> _Task directions_: Omit any pictures, and restate word for word only the lines from the one with "ALBA SORAIRE. Es" through the end of the data below.

[Crawled caption data]

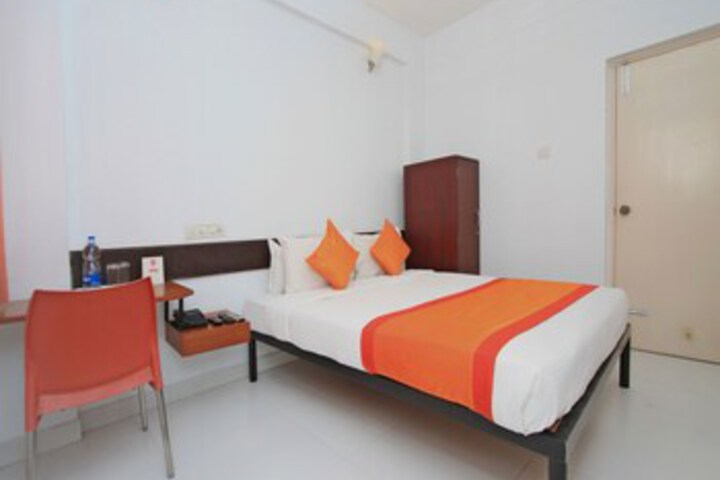 Room 13 of 21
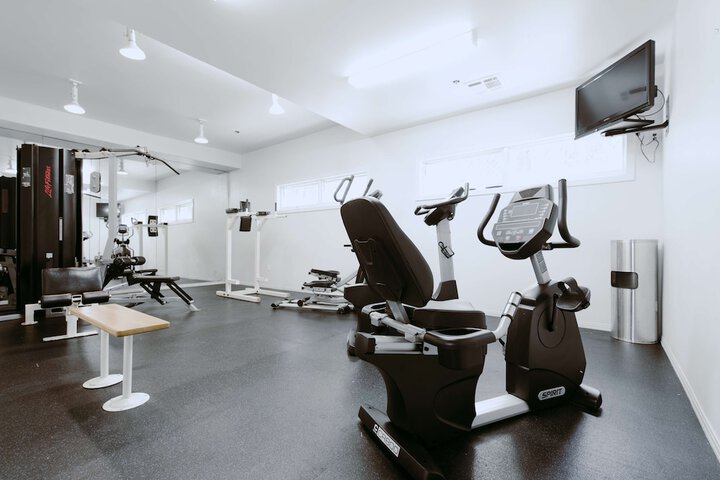 Health and Fitness 65 of 77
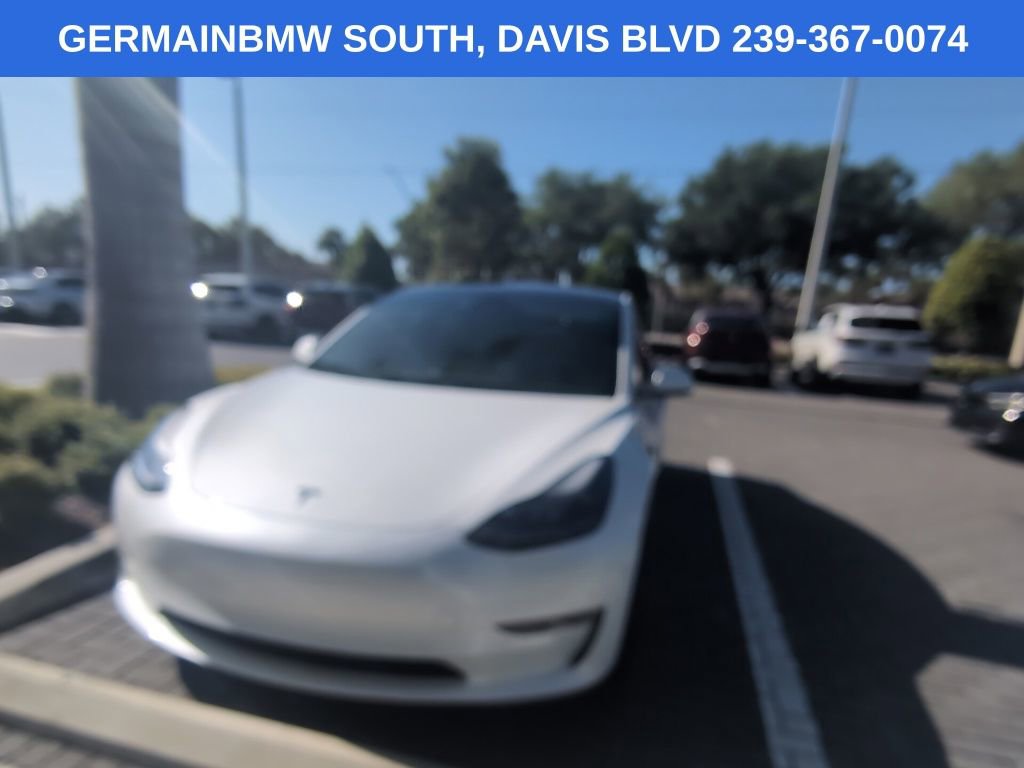 Used 2023 Tesla Model 3 Standard Range image 1
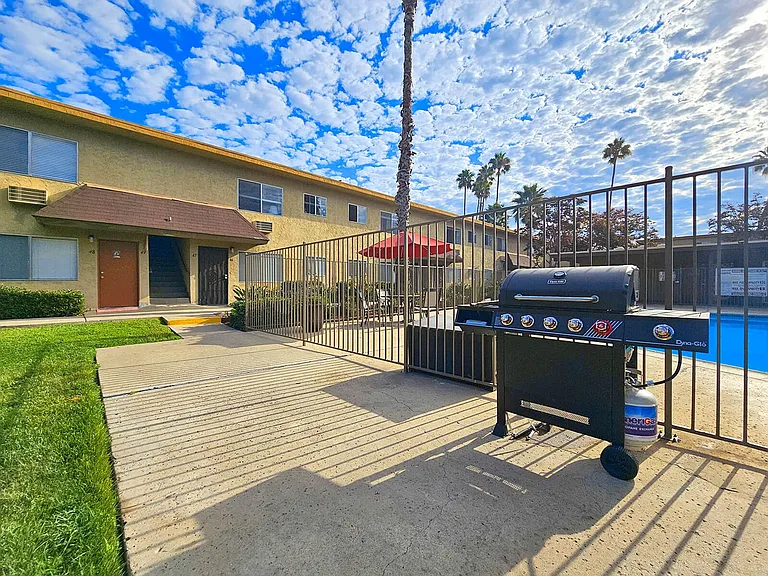 Crestwood Apartments! — Photo 15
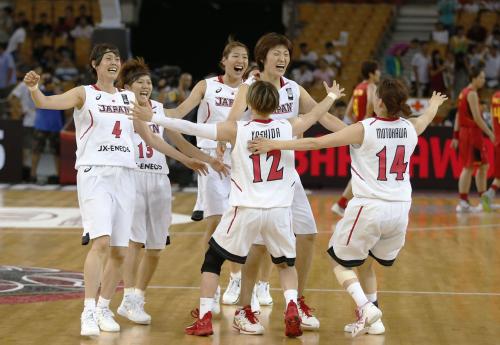 【画像・写真】女子バスケ、やったぞリオ五輪切符！資格停止の制裁乗り越え３大会ぶり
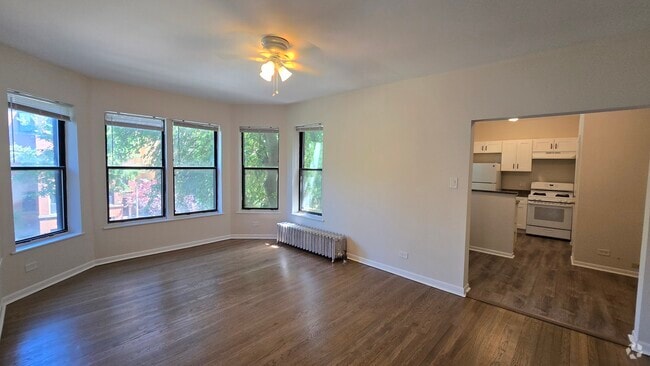 Building Photo - 7722 N Marshfield Ave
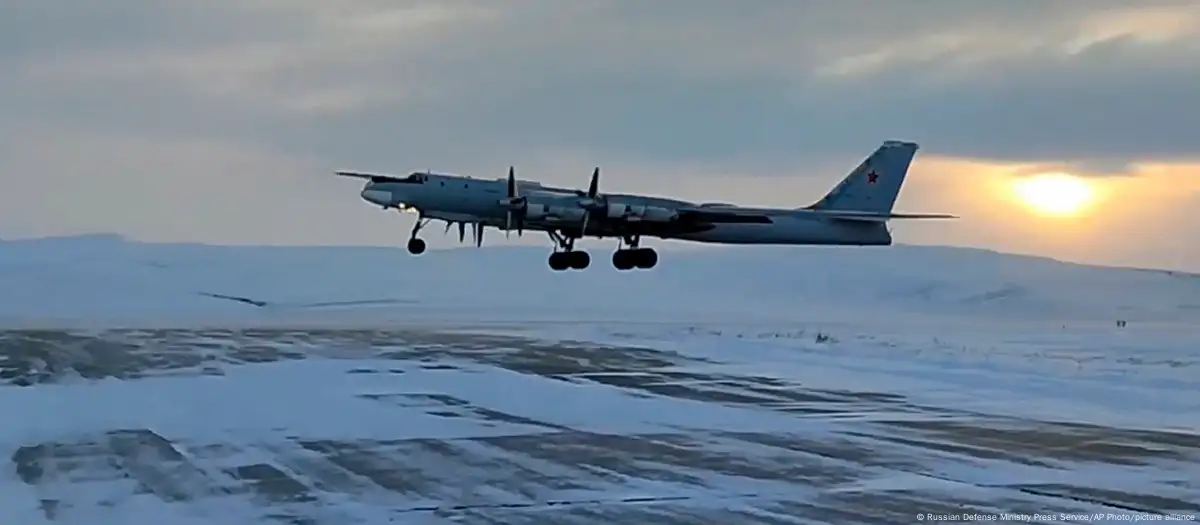 US, Canada intercept Chinese and Russian aircraft off Alaska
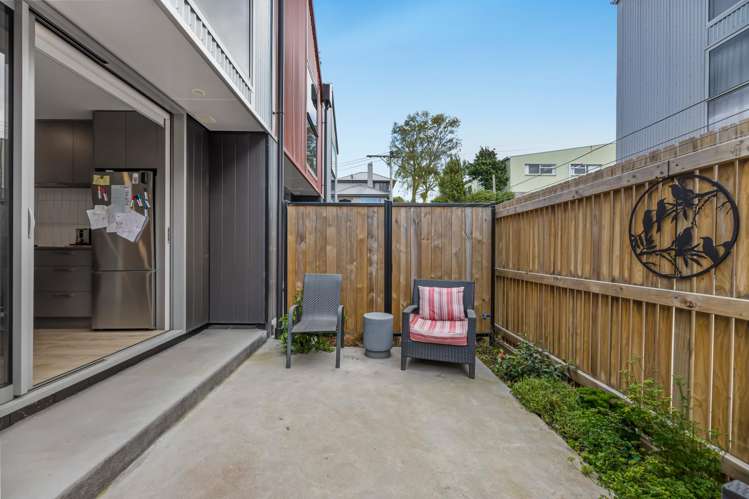 8/20 Henderson Street Mornington_3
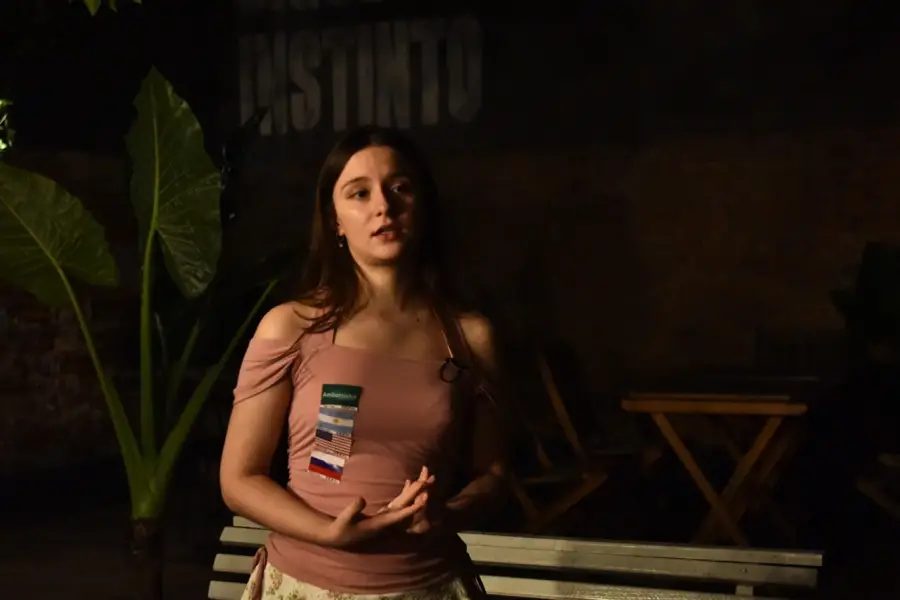 ALBA SORAIRE. Es traductora e intérprete de inglés, encontró en los idiomas una herramienta que hoy redefine el contacto con otras personas.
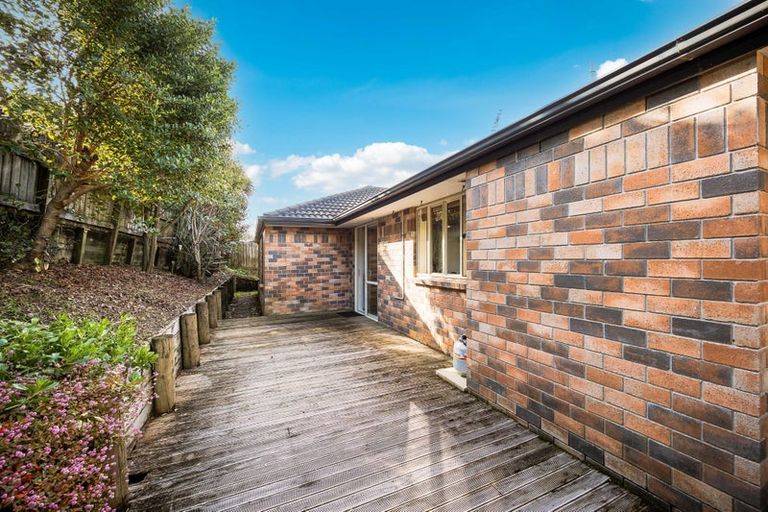 Photo of property in 25 Blue Heron Rise, Stanmore Bay, Whangaparaoa, 0932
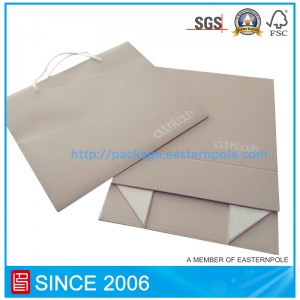 Hộp gấp và túi giấy đựng quần áo trẻ em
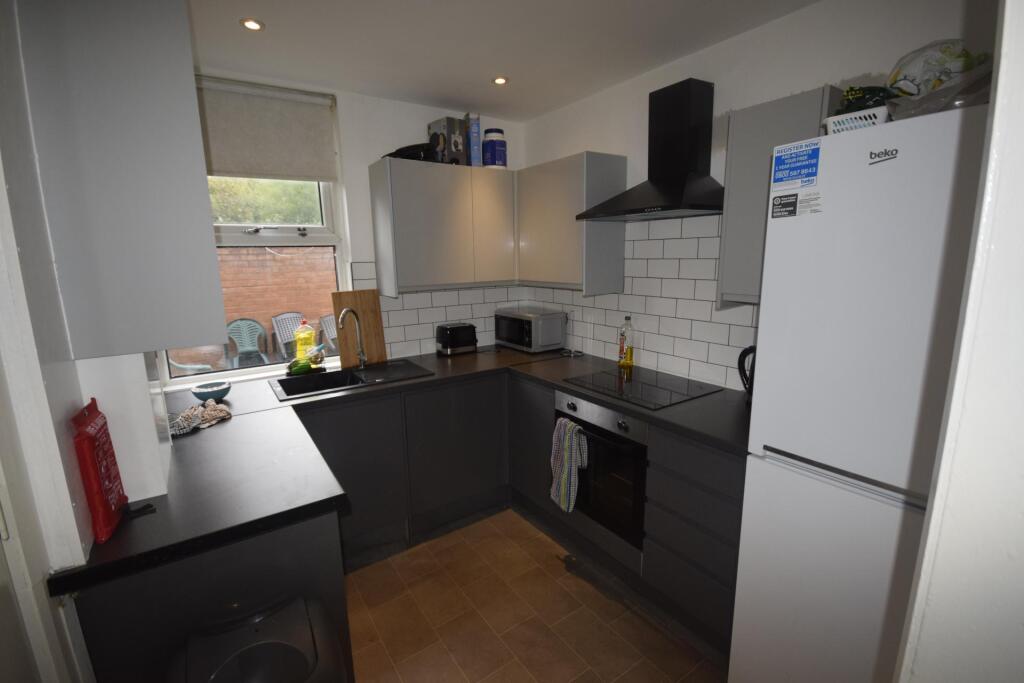 5 bed Detached for rent in Liverpool. From Rooms4u - Liverpool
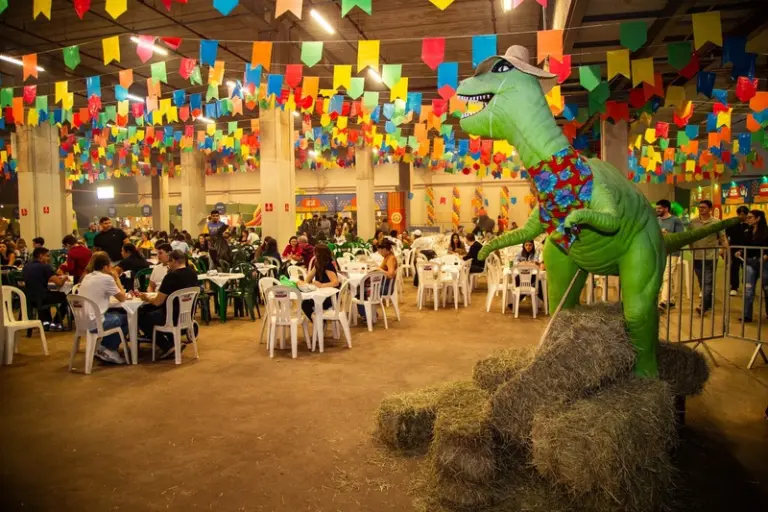 Torcida, diversão em família e café especial movimentam o fim de semana no Novo Shopping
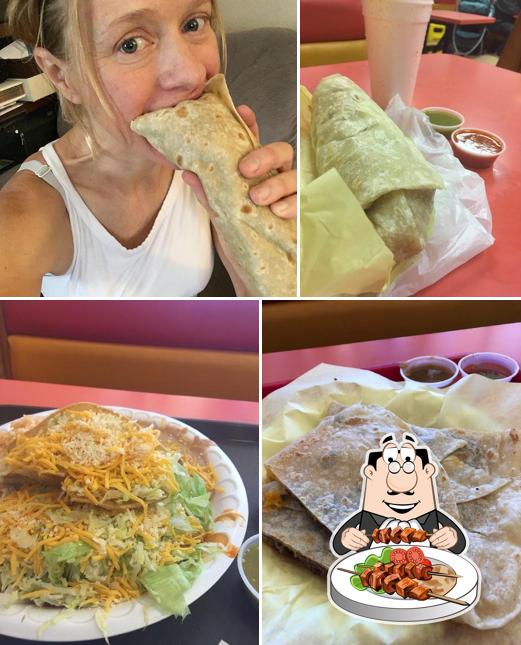 Rolando's Taco Shop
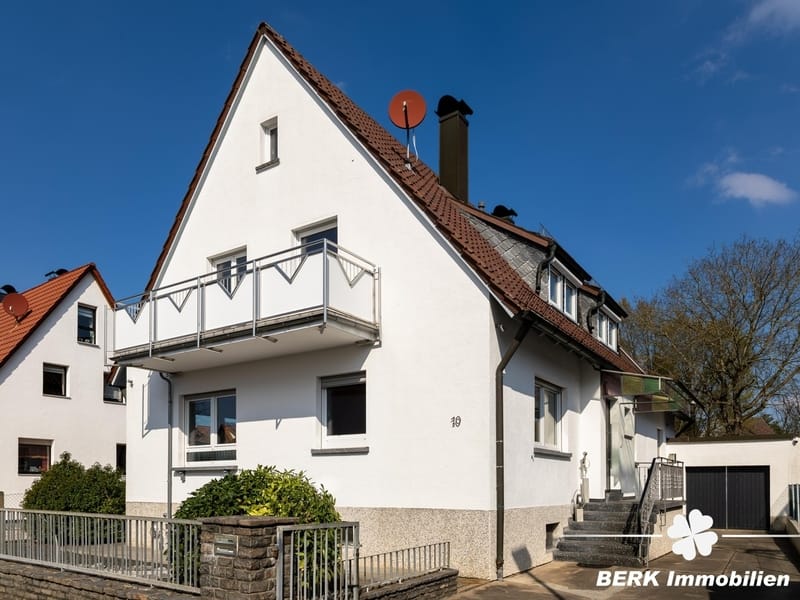 Immobilie in Haibach - BERK Immobilien – Gepflegtes Zweifamilienhaus in Top-Lage von Haibach mit großem Grundstück - Bild 0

> _Response box_:
 ALBA SORAIRE. Es traductora e intérprete de inglés, encontró en los idiomas una herramienta que hoy redefine el contacto con otras personas.
 Photo of property in 25 Blue Heron Rise, Stanmore Bay, Whangaparaoa, 0932
 Hộp gấp và túi giấy đựng quần áo trẻ em
 5 bed Detached for rent in Liverpool. From Rooms4u - Liverpool
 Torcida, diversão em família e café especial movimentam o fim de semana no Novo Shopping
 Rolando's Taco Shop
 Immobilie in Haibach - BERK Immobilien – Gepflegtes Zweifamilienhaus in Top-Lage von Haibach mit großem Grundstück - Bild 0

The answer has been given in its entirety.